Руфус ставил внизу листа свою подпись, скромную закорючку, похожую на запятую с ушами, когда Ким сказала:

— Папа, там кто-то гуляет.

Вот дьявол, неужели бегун? И опять в его смену. Он подскочил к окну. И с облегчением выдохнул.

Это был всего лишь Цахес, старый, лысый, больной и вечно кашляющий Цахес. Нечастый гость в его секторе. Цахес шел, неторопливо переставляя свои старые ноги и размахивая какими-то бумагами, шел явно к двери в смотровую. Да, собственно, куда еще он мог здесь идти?

— Посиди тут, мышка, я выйду, поговорю с дядей.

Руфус спустился вниз — как раз вовремя, Цахес уже вовсю дергал за шнурок, и было слышно, как наверху заливается колокольчик. Он перестал звонить только тогда, когда дверь открылась перед ним и Руфус сказал:

— Привет. Может, хватит уже названивать? Я уже тут.

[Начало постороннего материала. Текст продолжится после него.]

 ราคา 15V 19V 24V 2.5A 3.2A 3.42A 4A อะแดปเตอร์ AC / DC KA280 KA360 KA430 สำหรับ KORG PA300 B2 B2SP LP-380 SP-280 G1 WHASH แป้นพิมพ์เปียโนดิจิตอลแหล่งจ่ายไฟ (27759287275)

— А-а, — прохрипел Цахес, отпуская шнурок. — А-а, кх, кх, молодой Брыкс. Здорово, здорово. Я не буду подниматься, если ты не против.

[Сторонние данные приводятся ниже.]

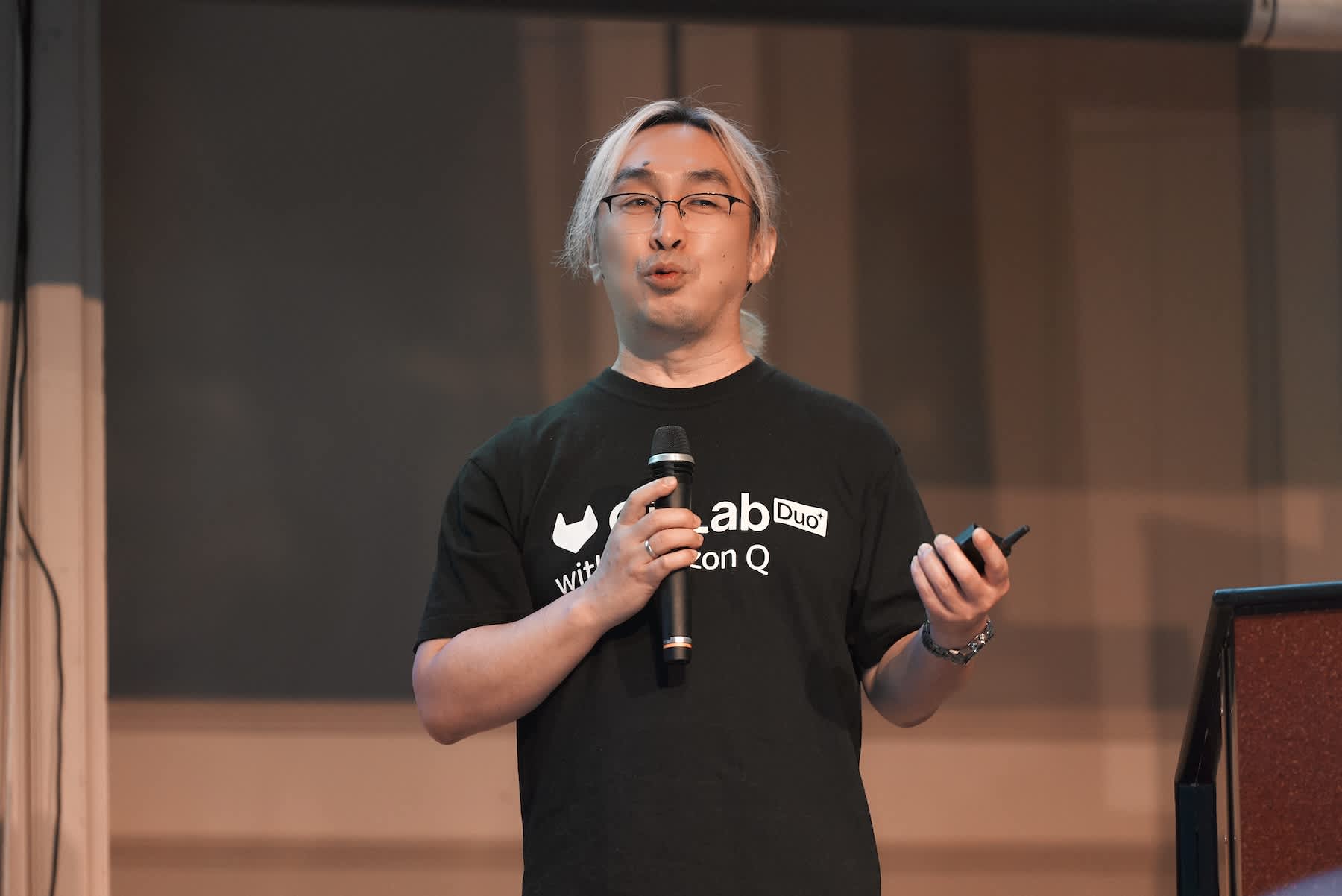 GitLab合同会社 ソリューションアーキテクト本部 シニアソリューションアーキテクト 吉瀬 淳一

Руфус и не собирался приглашать Цахеса в смотровую. По инструкции этого не полагалось, да и вообще, нечего старому черту делать в его смотровой.

— Я собственно, кх, вот чего пришел, — сказал Цахес, почесав жиденькую бороденку. — Увольняют меня. Слышал?

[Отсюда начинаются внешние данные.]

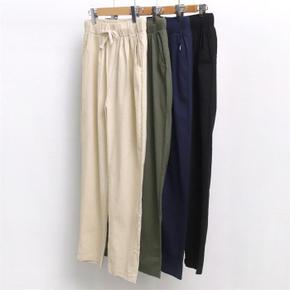 빅사이즈사랑해요 5195L104 워싱 스판 린넨 바지 CI (S6917771)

— Нет, не слышал. Серьезно? А на твое место кого берут?

— Да какая мне разница! — возмутился Цахес. — Плевать я хотел, кого они там хотят посадить на мое место. Оно мое. Я на нем знаешь сколько?.. С тыща четыреста, кх, кх, восемьдесят седьмого, кх, вот. Это стало быть уже сколько?

— Да уж, много, — уважительно покачал головой Руфус. Признаться, ему было невдомек, что Цахес настолько стар. Ну, триста, ну, может триста пятьдесят… А что кашляет — так поработай-ка в смолокурнях с его, еще и не так закашляешь.

— А эти… Кха-кха-козлы!.. — Цахес указал глазами куда-то вверх. — В общем, я тут петицию составил. Чтоб не увольняли. Подпиши? Весь мой отдел подписал, и большинство из моих секторных подписали.

— Э-э, — сказал Руфус. — Можно мне?..

Он принял бумаги из рук Цахеса и начал читать. Петиция была составлена отменно. Пятьсот с лишком лет, проведенных Цахесом, в значительной степени, за составлениями рапортов и докладных записок, отточили его деловой стиль, если можно так выразиться, до остроты бритвы. Бумага, написанная каллиграфическим почерком, с изящными завитушками и даже какими-то ажурными виньетками в начале и конце текста, содержала множество оборотов типа «незапятнанный послужной список», «высокая моральная устойчивость», «низкий процент побегов» и даже «троекратный победитель межрегиональных соревнований по членовредительству». Руфус почувствовал, как растет его уважение к старому хрычу.

Хм, а вот это интересно. Оказывается, Цахес начинал обычным разносчиком, совсем как Руфус. А прежде, чем стать десятником, сменил добрую дюжину должностей помельче.

— Так ты и черпальщиком поработал, а, Цахес?

— А то, — буркнул Цахес. — Везде я поработал. Кх, кх, кх. Подпишешь?

Руфусу стало жаль его. Отдать пять сотен лет на службу обществу (и ведь не какой-нибудь штабной крысой, а добропорядочным трудягой) — и что получить взамен? Отставку, и в лучшем случае, ничтожную пенсию.

— Перо есть? — спросил он. Цахес протянул ему перо, с кончика которого уже свисала капля чернил. Старик успел обмакнуть его в чернильницу, прицепленную к его поясу.